Stumpf's ability to monitor his own company's business practices came under fire last month after he was grilled by both House and Senate committees following the bank's admission that upwards of two million accounts had been opened without customers' consent. Lawmakers blasted Stumpf over the fact the alleged scam went on for so long without any correction as top executives collected large payouts. Stumpf surrendered $41 million in unvested stock awards, but Sen. Elizabeth Warren (D-Mass.) still thinks Stumpf should face additional penalties. "As I said at the hearing last month, Mr. Stumpf should resign, return every nickel he made while this scam was going on, and face an investigation by the Justice Department and SEC. So far, he's one for three," Warren said in a statement to USA TODAY.

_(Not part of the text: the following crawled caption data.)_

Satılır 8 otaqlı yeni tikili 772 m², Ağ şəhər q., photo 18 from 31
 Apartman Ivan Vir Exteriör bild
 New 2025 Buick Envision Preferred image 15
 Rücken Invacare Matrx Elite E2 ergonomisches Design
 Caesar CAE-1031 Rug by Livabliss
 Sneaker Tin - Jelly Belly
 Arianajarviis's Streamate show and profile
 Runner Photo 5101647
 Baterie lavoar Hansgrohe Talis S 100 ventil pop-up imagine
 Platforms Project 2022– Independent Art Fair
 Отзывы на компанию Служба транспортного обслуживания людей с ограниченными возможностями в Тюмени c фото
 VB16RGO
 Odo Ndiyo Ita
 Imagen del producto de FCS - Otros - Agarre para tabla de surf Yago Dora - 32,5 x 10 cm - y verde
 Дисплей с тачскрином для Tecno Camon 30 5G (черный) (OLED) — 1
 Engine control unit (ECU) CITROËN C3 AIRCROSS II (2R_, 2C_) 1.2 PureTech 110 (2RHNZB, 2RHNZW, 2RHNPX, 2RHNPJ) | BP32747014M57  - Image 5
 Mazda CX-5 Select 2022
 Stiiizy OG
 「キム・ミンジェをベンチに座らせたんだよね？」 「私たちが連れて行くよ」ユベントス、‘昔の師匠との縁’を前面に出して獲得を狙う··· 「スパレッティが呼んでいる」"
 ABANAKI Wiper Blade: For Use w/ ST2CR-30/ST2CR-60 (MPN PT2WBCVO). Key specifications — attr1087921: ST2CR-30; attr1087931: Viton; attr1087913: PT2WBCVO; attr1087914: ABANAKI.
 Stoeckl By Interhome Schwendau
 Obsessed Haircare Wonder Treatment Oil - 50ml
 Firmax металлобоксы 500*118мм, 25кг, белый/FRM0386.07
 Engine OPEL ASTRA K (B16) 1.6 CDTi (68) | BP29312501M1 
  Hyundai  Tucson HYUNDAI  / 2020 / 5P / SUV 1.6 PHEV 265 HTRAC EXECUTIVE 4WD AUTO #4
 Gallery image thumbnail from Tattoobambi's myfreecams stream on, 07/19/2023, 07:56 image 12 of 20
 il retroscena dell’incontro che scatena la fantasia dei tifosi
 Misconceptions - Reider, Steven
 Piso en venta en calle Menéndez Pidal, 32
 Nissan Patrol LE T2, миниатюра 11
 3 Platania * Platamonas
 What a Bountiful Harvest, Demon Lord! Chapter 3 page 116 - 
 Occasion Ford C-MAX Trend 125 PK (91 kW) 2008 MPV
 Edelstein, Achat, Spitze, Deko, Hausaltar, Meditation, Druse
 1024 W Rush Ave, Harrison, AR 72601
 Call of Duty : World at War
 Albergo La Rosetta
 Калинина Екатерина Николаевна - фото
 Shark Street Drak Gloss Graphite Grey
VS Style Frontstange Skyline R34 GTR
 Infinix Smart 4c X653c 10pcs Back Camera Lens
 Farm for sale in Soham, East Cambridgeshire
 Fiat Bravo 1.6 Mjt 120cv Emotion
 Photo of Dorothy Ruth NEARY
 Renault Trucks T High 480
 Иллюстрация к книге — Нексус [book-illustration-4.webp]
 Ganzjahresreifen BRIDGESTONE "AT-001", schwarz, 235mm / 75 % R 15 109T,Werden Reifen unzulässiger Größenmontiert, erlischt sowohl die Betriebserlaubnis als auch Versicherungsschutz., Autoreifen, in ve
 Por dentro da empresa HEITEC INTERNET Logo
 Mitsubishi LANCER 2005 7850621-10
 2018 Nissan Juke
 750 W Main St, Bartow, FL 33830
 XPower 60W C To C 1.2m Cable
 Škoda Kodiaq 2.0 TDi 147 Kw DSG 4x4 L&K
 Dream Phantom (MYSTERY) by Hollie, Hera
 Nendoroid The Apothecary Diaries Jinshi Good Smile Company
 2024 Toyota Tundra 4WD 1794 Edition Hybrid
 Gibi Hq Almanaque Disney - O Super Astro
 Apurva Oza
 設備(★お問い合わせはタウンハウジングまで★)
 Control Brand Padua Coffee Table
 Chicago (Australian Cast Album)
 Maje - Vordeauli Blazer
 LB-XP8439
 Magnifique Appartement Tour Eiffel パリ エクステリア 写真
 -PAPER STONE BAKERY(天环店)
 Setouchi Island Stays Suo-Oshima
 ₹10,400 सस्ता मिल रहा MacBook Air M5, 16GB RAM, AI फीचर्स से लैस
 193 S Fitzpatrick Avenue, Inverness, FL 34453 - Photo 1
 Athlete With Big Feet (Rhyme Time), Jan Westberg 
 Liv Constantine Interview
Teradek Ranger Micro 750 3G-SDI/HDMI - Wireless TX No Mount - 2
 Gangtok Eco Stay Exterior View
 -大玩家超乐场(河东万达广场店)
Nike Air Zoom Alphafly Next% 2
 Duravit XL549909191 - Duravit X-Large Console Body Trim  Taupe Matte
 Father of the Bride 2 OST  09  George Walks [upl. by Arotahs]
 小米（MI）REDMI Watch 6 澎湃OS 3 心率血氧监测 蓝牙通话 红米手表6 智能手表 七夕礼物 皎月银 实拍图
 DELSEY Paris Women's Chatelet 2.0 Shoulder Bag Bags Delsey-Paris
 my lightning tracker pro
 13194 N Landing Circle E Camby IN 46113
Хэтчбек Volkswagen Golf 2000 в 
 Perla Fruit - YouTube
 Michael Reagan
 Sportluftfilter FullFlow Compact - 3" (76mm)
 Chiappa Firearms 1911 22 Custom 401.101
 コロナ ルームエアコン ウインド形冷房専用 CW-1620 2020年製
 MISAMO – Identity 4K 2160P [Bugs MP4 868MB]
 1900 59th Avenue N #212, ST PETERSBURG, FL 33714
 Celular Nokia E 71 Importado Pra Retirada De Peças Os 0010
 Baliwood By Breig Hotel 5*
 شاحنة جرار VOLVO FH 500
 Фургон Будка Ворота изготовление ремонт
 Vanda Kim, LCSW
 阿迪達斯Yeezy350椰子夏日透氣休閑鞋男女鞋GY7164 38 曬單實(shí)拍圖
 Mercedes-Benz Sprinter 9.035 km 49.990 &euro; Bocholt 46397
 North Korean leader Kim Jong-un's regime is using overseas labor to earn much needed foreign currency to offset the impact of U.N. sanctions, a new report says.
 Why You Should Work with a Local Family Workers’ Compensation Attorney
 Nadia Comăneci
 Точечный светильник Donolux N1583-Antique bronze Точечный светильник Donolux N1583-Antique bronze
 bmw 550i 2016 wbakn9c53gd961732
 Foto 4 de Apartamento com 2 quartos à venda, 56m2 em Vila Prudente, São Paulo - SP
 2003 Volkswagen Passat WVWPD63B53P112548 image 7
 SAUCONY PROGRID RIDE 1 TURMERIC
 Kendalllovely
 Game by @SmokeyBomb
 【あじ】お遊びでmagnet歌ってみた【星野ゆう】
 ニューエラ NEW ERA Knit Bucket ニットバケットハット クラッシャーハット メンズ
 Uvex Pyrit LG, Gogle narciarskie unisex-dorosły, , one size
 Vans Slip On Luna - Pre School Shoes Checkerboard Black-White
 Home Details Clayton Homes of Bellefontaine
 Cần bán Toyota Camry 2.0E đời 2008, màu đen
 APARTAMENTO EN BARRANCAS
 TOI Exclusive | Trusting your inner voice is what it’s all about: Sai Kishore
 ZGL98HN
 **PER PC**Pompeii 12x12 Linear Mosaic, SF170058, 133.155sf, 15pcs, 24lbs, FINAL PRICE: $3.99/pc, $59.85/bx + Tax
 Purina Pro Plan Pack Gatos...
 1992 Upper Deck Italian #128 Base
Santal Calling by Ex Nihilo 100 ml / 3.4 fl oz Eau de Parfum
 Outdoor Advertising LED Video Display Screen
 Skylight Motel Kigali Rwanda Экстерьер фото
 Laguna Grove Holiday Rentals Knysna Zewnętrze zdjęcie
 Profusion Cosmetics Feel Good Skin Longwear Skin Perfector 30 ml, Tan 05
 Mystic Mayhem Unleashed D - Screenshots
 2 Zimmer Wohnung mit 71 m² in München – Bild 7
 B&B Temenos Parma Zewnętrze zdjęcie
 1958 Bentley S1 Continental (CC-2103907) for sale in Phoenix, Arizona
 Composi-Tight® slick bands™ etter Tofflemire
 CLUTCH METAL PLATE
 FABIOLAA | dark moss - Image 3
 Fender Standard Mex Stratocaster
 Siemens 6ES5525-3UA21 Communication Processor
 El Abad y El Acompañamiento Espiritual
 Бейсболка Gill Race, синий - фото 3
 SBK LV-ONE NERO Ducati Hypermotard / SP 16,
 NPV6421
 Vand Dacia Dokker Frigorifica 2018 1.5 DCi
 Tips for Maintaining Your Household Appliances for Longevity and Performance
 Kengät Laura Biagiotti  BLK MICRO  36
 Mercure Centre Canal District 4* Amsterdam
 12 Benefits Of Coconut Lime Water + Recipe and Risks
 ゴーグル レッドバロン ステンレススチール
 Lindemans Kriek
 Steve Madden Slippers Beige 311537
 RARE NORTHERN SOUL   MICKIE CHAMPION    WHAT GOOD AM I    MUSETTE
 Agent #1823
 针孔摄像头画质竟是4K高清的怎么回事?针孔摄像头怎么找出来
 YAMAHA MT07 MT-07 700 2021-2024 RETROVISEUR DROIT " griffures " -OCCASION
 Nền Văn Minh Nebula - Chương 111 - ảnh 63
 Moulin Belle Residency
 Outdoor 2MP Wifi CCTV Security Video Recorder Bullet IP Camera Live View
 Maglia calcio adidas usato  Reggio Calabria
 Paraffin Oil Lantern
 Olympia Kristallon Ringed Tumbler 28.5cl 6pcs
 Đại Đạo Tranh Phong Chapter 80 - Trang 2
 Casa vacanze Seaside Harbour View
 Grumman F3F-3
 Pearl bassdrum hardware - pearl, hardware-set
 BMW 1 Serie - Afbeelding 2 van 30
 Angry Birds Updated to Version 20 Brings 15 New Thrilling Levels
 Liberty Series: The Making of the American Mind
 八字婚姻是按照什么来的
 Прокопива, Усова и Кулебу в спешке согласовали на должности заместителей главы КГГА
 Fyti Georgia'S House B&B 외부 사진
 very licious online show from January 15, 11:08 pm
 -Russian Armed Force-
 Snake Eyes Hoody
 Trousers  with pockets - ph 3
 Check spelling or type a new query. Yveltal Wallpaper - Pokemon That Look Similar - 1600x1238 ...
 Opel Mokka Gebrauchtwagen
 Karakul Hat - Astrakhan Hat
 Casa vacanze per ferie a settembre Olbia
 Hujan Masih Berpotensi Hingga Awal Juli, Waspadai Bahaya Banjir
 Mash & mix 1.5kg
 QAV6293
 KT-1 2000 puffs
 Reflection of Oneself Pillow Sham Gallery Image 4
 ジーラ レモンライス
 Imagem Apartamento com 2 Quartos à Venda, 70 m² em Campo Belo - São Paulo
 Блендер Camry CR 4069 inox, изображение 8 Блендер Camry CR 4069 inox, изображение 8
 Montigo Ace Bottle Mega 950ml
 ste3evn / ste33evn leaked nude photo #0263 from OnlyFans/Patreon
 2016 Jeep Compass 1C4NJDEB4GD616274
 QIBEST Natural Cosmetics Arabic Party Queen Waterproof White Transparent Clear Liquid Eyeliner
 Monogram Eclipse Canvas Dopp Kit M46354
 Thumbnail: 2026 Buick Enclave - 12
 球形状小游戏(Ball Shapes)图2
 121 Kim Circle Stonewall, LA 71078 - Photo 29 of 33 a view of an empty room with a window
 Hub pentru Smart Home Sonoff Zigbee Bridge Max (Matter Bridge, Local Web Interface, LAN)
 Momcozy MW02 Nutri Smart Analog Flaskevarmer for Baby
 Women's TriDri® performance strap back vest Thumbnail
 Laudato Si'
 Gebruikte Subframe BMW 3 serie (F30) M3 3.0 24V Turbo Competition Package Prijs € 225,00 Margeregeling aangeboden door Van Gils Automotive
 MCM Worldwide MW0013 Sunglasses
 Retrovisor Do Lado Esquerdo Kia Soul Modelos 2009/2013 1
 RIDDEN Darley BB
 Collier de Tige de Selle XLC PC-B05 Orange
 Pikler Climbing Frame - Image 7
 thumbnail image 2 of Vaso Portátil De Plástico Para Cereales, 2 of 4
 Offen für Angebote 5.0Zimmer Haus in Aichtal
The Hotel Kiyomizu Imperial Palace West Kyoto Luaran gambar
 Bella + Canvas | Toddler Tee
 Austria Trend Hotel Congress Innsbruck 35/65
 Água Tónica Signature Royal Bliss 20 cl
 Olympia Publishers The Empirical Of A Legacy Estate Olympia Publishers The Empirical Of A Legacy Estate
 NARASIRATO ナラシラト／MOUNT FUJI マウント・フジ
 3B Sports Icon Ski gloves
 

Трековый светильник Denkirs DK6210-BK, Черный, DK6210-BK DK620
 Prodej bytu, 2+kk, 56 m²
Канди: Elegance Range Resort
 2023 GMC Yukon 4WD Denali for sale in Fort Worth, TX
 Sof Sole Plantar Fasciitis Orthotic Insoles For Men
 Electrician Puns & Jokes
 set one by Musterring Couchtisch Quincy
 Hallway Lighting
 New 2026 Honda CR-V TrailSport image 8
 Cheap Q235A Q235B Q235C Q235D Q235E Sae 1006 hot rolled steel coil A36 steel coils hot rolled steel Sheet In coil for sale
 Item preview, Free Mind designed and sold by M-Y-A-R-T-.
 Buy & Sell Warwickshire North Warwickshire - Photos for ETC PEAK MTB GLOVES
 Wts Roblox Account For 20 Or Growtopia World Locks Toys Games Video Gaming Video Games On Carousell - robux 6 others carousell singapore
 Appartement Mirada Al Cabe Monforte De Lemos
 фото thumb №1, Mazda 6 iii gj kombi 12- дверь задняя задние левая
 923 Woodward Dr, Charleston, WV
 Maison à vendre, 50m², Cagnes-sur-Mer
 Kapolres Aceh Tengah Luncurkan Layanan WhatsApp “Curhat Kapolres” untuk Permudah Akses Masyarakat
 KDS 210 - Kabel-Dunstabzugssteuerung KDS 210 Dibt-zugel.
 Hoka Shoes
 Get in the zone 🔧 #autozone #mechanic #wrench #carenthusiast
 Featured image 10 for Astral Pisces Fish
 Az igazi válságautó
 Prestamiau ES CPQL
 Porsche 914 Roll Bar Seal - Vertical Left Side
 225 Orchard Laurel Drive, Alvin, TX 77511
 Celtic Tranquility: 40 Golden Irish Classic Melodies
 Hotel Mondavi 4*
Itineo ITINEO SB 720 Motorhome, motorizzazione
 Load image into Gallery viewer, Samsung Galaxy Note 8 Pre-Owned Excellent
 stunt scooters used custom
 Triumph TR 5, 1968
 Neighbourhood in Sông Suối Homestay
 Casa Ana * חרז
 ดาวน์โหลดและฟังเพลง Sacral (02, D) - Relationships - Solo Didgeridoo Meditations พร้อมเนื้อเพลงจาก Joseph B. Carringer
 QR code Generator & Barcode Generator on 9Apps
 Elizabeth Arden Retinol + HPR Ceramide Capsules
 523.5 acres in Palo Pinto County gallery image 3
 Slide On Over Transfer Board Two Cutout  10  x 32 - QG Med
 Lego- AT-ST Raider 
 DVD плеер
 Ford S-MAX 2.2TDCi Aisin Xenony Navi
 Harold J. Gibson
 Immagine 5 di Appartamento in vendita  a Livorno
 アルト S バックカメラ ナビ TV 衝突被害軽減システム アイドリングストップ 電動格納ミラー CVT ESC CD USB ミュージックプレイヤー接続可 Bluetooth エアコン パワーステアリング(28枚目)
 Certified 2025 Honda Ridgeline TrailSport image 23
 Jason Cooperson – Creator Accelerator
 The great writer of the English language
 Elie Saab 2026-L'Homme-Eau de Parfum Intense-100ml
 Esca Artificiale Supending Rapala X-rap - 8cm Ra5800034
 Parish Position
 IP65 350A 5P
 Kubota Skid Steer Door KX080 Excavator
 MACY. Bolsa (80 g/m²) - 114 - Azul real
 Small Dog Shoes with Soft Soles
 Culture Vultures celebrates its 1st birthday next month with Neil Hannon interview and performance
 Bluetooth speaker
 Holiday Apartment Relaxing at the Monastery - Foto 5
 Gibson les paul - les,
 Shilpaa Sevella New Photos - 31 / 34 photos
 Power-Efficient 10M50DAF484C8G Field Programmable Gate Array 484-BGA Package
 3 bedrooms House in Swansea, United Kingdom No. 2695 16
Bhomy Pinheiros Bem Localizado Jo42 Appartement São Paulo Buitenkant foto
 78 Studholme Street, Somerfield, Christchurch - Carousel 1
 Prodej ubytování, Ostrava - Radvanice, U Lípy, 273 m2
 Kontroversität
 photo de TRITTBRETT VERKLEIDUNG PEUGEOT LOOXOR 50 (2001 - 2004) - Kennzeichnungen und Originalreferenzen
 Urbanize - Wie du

Under fire, Stumpf stepped down from not only the CEO post at Wells Fargo, but also as chairman of the board. Yet, he continues to sit on the boards of two large companies in the Standard & Poor's 500 and is a member of committees on both those boards responsible for overseeing corporate governance.

Stumpf is on both the nominating and governance as well as the Risk and Compliance committees at Target. He has been a board member at the retailer since 2010. Last year Target paid him $102,500 in fees and cash and $170,021 in stock awards. "We are monitoring the situation and have nothing more to share at this time," according to a statement from Target to USA TODAY. Stumpf owned Target stock valued at $1.2 million as of the end of last year.

Over at Chevron, Stumpf holds a similar supervisory role and has been on the board there since 2010 as well. He's a member of both the nomination and governance committee as well as the management compensation committee at the energy company. Chevron paid him $150,000 in cash, $225,000 in stock awards and $737 in other payments last year. "Per corporate policy, continued service on Chevron’s Board of Directors upon change in job status is a matter that must be addressed by the full Chevron board. Therefore, it would be premature to comment at this time," Chevron said in a statement.

Wells Fargo did not have a comment.

Stumpf's retirement marks a sudden end to what had been a long and respected banking career since he earned his MBA from the University of Minnesota. Stumpf had been at Wells Fargo for 34 years, rising from the ranks including stints leading various regions for the bank. He is credited with a number of savvy business moves that allowed Wells Fargo to be the most valuable U.S. bank, even though it wasn't the largest by revenue. Stumpf navigated the bank through the 2008 financial crisis relatively unscathed and it gained a significant footprint on the East Coast by acquiring banks that didn't prepare as well for the mortgage meltdown.

But missing out on board positions, which is typical for CEOs and retired CEOs of large companies, could take away a lucrative conclusion to Stumpf's career. "If a reputational hit leads to that board member stepping down — and potentially not being asked to serve on additional boards — that would represent a significant individual financial impact," says Nir Kossovsky, CEO of Steel City Re, which insures companies and executives.